Wie man sieht, ist Beides nicht gerade das Gelbe vom Ei und ich neide es keinem hier, daß er so eine Wahl treffen muß...

Ohne auf die Einzelheiten eingehen zu wollen - oder zu können - komme ich selbst nach langem Nachdenken jedoch zum Schluß, daß ich mit NEIN stimmen würde. 

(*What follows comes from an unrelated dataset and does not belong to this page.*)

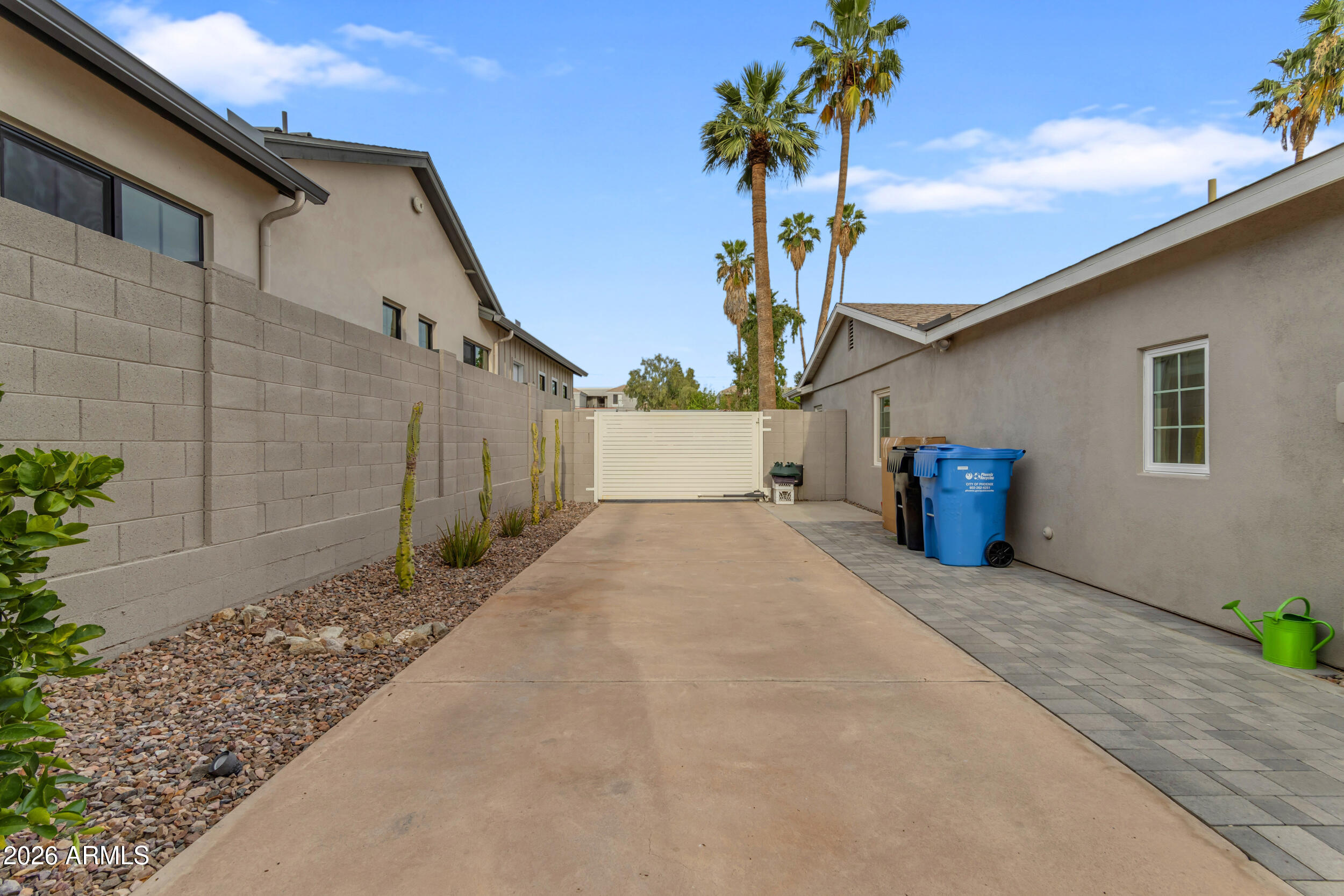 4126 N 44TH Place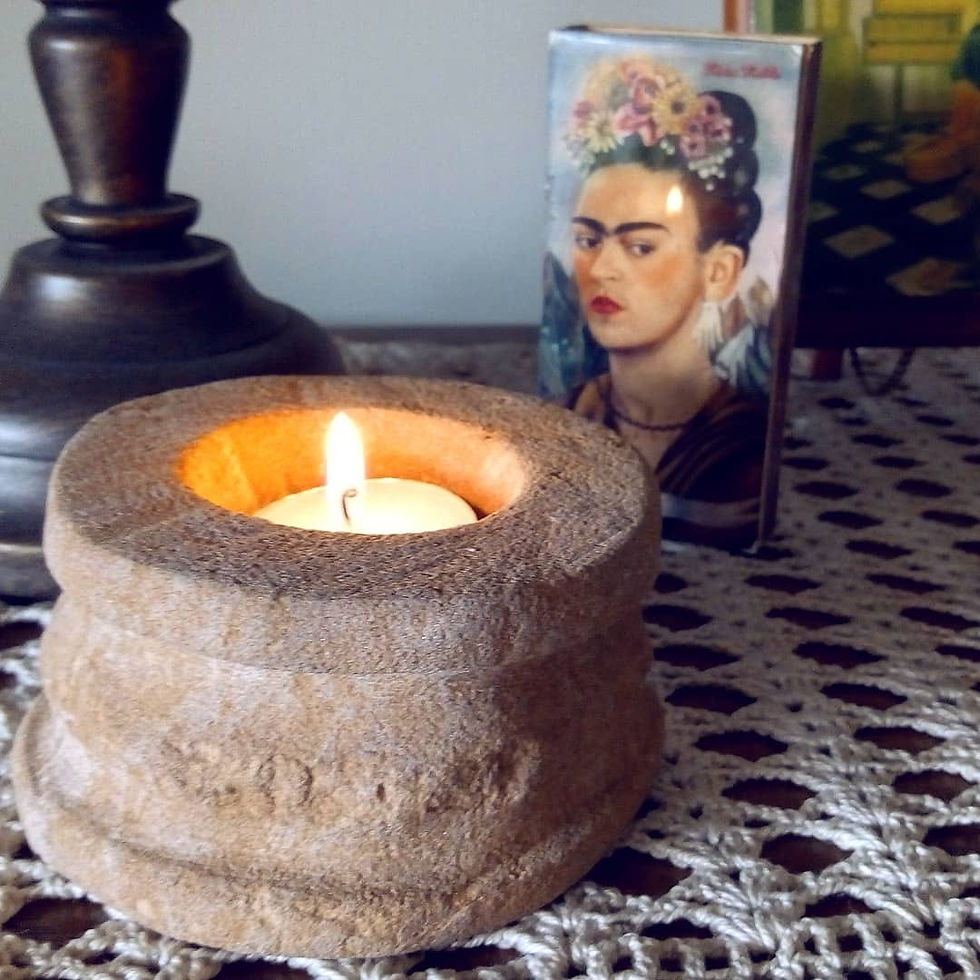 Miniatura: Candelabro en piedra. Ideal para iluminar tenuemente espacios interiores, mesas de comedor, restaurantes, centros de culto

Meine Gründe sind einfach:
1. Ich persönlich kann mit meiner kleinen Werkstatt keine weiteren Steuererhöhungen mehr erwirtschaften. Ich würde zweifelsohne noch weiter in die Mühle der Steuerschulden absinken und damit wäre der endgültige Konkurs nur eine Frage der Zeit. 
2. Wenn das wenige Geld, das der griechische Staat einnehmen könnte, gleich wieder an die Gläubiger geht und nicht im Land selbst investiert werden kann, wird die wirtschaftliche Rezession ungebremst ihre Talfahrt fortsetzen.
3. Wenn die Griechen nicht endlich quasi gezwungen werden, sich auf die eigenen Füße zu stellen, wird es hier nie zu den so nötigen tiefgreifenden Reformen kommen. (Dies übrigens ein Gedanke, den der ehemalige IWF-Chef Strauss-Kahn schon 2010 geäußert hat - bevor man ihn absägte!).
4. Sollte die Mehrheit für diese "Hilfsprogramme" stimmen, wird die junge Regierung zurücktreten - unzweifelhaft auch das ein Ziel, das die "Institutionen" und meisten europäischen Regierungen im Auge hatten, als sie der gr. Regierung Angebote machten, die diese nur abweisen konnte.  In Ermangelung irgendwelcher Alternativen wird die alte, korrupte Politikerriege sich zurückmelden, ein absolutes Horrorszenario für uns alle hier!
5. Und mein letzter Gedanke: Die Krise Griechenlands hat wohl allen Europäern vor Augen geführt, daß etwas faul ist "im Staate Europa". Einen "einenden" Europa-Gedanken gibt es nicht. Mehr denn je spielen nationale und wirtschaftliche Interessen die Hauptrolle. Und dieses hoffnungslose Gebilde ist nicht das Europa, das ich mir für mein Kind und die kommenden Generationen wünschen kann!

Jakob Augstein schrieb heute noch auf Spiegel-Online: 
Aber vielleicht gelingt den Griechen durch das Referendum am Sonntag genau das: 
den Kontinent mit jener Krankheit zu infizieren, die von der Macht des Geldes 
am meisten gefürchtet wird - Hoffnung.

Dies wären meine ganz persönlichen Überlegungen, dürfte ich am Sonntag wählen.
Nun, in ein paar Tagen werden wir es wissen. Bis dahin müssen wir uns gedulden. Daß es einschneidend und wahrscheinlich fast untragbar für uns alle hier werden wird, ist klar - ganz egal, wie das Volk sich entscheiden wird!